**What is needed:** Every record shown below should be duplicated exactly.
------ Supplied records
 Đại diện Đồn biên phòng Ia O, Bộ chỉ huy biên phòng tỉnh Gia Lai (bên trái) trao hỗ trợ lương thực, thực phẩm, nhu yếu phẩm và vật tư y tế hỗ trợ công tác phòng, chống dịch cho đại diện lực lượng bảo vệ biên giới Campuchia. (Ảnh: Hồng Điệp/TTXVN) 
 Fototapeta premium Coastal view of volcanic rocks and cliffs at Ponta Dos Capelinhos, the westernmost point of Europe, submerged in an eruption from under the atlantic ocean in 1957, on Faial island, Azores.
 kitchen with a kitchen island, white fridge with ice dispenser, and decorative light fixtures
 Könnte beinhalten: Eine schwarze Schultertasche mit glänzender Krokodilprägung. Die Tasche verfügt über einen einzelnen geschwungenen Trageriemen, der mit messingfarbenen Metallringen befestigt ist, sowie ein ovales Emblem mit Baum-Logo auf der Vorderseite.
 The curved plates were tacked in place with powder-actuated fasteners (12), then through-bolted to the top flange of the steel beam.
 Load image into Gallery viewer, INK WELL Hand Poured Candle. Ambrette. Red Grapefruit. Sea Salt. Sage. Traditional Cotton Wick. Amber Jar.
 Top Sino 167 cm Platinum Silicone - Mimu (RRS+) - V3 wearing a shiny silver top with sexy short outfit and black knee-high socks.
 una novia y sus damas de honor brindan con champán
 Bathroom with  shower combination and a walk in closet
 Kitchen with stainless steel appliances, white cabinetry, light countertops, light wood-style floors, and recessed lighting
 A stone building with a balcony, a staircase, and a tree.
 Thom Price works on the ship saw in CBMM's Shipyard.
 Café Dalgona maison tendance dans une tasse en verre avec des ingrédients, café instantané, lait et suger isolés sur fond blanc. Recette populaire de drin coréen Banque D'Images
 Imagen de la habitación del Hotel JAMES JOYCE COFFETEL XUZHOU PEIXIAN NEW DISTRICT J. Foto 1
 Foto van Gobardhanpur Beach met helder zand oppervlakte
------------
**Answer to the problem:**
 Đại diện Đồn biên phòng Ia O, Bộ chỉ huy biên phòng tỉnh Gia Lai (bên trái) trao hỗ trợ lương thực, thực phẩm, nhu yếu phẩm và vật tư y tế hỗ trợ công tác phòng, chống dịch cho đại diện lực lượng bảo vệ biên giới Campuchia. (Ảnh: Hồng Điệp/TTXVN) 
 Fototapeta premium Coastal view of volcanic rocks and cliffs at Ponta Dos Capelinhos, the westernmost point of Europe, submerged in an eruption from under the atlantic ocean in 1957, on Faial island, Azores.
 kitchen with a kitchen island, white fridge with ice dispenser, and decorative light fixtures
 Könnte beinhalten: Eine schwarze Schultertasche mit glänzender Krokodilprägung. Die Tasche verfügt über einen einzelnen geschwungenen Trageriemen, der mit messingfarbenen Metallringen befestigt ist, sowie ein ovales Emblem mit Baum-Logo auf der Vorderseite.
 The curved plates were tacked in place with powder-actuated fasteners (12), then through-bolted to the top flange of the steel beam.
 Load image into Gallery viewer, INK WELL Hand Poured Candle. Ambrette. Red Grapefruit. Sea Salt. Sage. Traditional Cotton Wick. Amber Jar.
 Top Sino 167 cm Platinum Silicone - Mimu (RRS+) - V3 wearing a shiny silver top with sexy short outfit and black knee-high socks.
 una novia y sus damas de honor brindan con champán
 Bathroom with  shower combination and a walk in closet
 Kitchen with stainless steel appliances, white cabinetry, light countertops, light wood-style floors, and recessed lighting
 A stone building with a balcony, a staircase, and a tree.
 Thom Price works on the ship saw in CBMM's Shipyard.
 Café Dalgona maison tendance dans une tasse en verre avec des ingrédients, café instantané, lait et suger isolés sur fond blanc. Recette populaire de drin coréen Banque D'Images
 Imagen de la habitación del Hotel JAMES JOYCE COFFETEL XUZHOU PEIXIAN NEW DISTRICT J. Foto 1
 Foto van Gobardhanpur Beach met helder zand oppervlakte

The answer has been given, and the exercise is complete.